Professor Tim Cochran
Herman Brown 416 (my office)
(713) 348-5265 (my office) (713) 348-4829 (math office)
cochran@math.rice.edu
http://www.math.rice.edu/~cochran
Office hours: Tuesday 2:30-4:00, Thursday 2:30-3:30 and by appointment

Prerequisites:

• A bit of point set topology: compactness, connectedness, metric spaces, etc. will be assumed. A semester course in this material (e.g Math 443) would be ideal background, but is not necessary-- particularly since the text has a good review of this material in the first four chapters.
• Some group theory will be used.
• Please see me if you have further questions.

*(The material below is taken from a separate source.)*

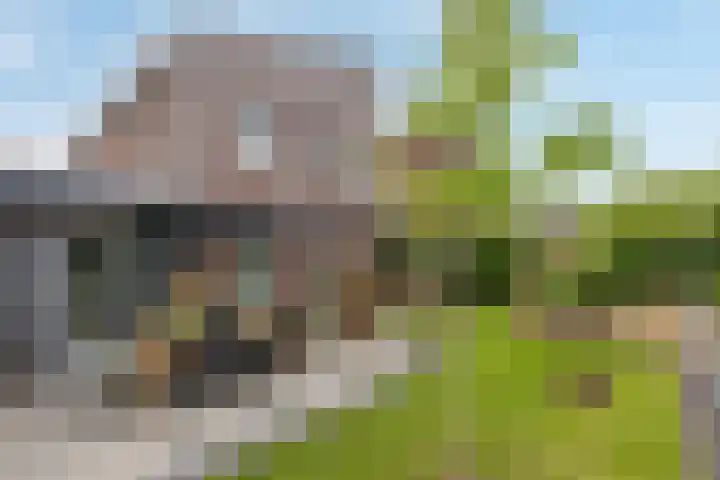 Brittanniëlaan 19 Geleen thumbnail 33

Textbook : Introduction to Topological Manifolds by John M. Lee, Springer. See Lee errata for corrections

• There will be a final exam and one mid-term exams. Homework will count for 40% of the grade.
• I encourage you to work in groups of 2-4 on the Homework. Homework is not pledged, but I encourage you to put as much of your own effort into it as possible. In particular, the composition and write up of homework must be your own work. Discussion of ideas, approaches, etc.
• Good mathematical exposition will be counted on both exams and homework.

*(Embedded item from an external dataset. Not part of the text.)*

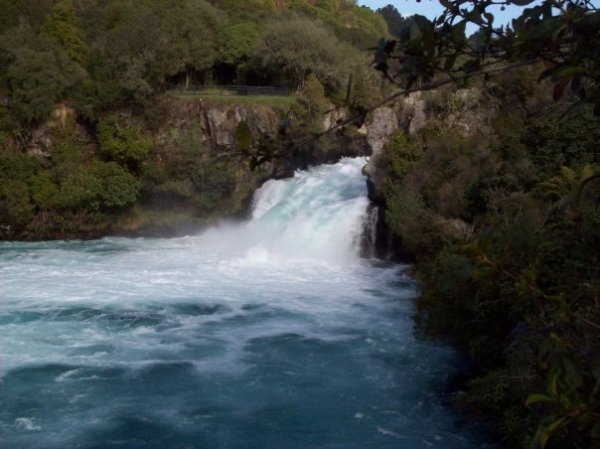 Taupo River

Any student with a documented disability needing academic adjustments or accommodations is requested to speak with me during the first two weeks of class. All discussions will remain confidential. Students with disabilities will need to also contact Disability Support Services in the Ley Student Center.

Homework Assignments:
#1. Read pages 17-29 (should be review) and read 30-35 before Wednesday's class

#2. For Friday Read pages 39-51. Due next Wednesday in class: 2-10,3-2,3-6,3-8 (ignore second countable),3-10, 3-11 (just show locally Euclidean part).
#3. Before Wednesday Read pages 52-61
#4. Due Friday in class. Read pages 91-101; D0 page 63 3-14, page 114 5-2
#5. Read pages 102-109 Due next Wednesday in class: Exercise 5.4 b page 95; Prove Lemma 5.4 b,d ; 5-12 page 115 only for 2-manifold and only for a single barycentric subdivision (see middle of Figure 5.12; Prove that the space obtained from a 2-disk by identifying its boundary to one point is homeomorphic to the two sphere (subspace topology from 3-space) (use Corollary 3.30 and Lemma 4.25 or use Corollary 3.32)
#6. Read pages 117-138. Due next Wednesday 9/26 in class: 1. Prove that a submanifold of an orientable n-manifold is orientable (Since we have only really defined orientability for a triangulated manifold, you cannot really prove this but you should prove that if K is a simplicial complex consisting entirely of some n simplices and all of their faces, in which each (n-1) simplex is the face of at most two n simplices, and L is a subcomplex of K with this same property, then if K is orientable so is L. Your proof should be short.)2. Without using the classification theorem, prove that a 2-manifold is non-orientable if and only if it contains an embedded Moebius band (once again you cannot really prove this but you can prove some moral'' equivalent. Assume that all Moebius bands are triangulated as a string of k triangles (k variable) in the most obvious way possible (see Figure 5.7) and assume that any embedding of a Moebius band in a triangulated surface S=|K| is the underlying space of a subcomplex L that has one of these triangulations). Do 6-3, 6-4 page 146. After class on Monday do 6-1 page 146.
#7. For Friday 9/28: Read pages 139-145.
#8. For Monday 10/1 Read pages 147-152
#9. For Wednesday 10/3 Read pages 153-158; Do: #E1.Derive a formula for the Euler characteristic of a connected sum of two n-dimensional manifolds in terms of the Euler characteristics of the manifolds. Do: Exercise 7.1 page 151; Exercises 7.2.7.3 on page 156; also on page 176 do problem 7-1. #E2. A space X is Contractible if the identity map X---X is homotopic to a constant map. Show that a contractible space is path-connected. Show that any continuous map f:Y--X where X is contractible, is homotopic to a constant map.
#10 For Monday 10/8: Read pp. 158-166
#11. For Wednesday 10/10 Do page 176 #7-2d, #7-4, #7-5, page 162 Exercise 7.7 (use definitions)(do a implies b implies c implies a),E#1: Let x,y be distinct points of a simply-connected space X. Prove that there is a unique path homotopy class of paths from x to y., E#2. Let X be a topological space that is the union of a countably infinite number of path-connected spaces X_n containing the base point q. Assume these are nested (X_n contained in X_n+1) and that for any compact set A of X there exists an integer n such that A is contained in X_n. Prove that for any class [f] in pi_1(X) there exists some n such that [f] is in the image of the map i_n_*:\pi_1(X_n)--\pi_1(X) induced by inclusion.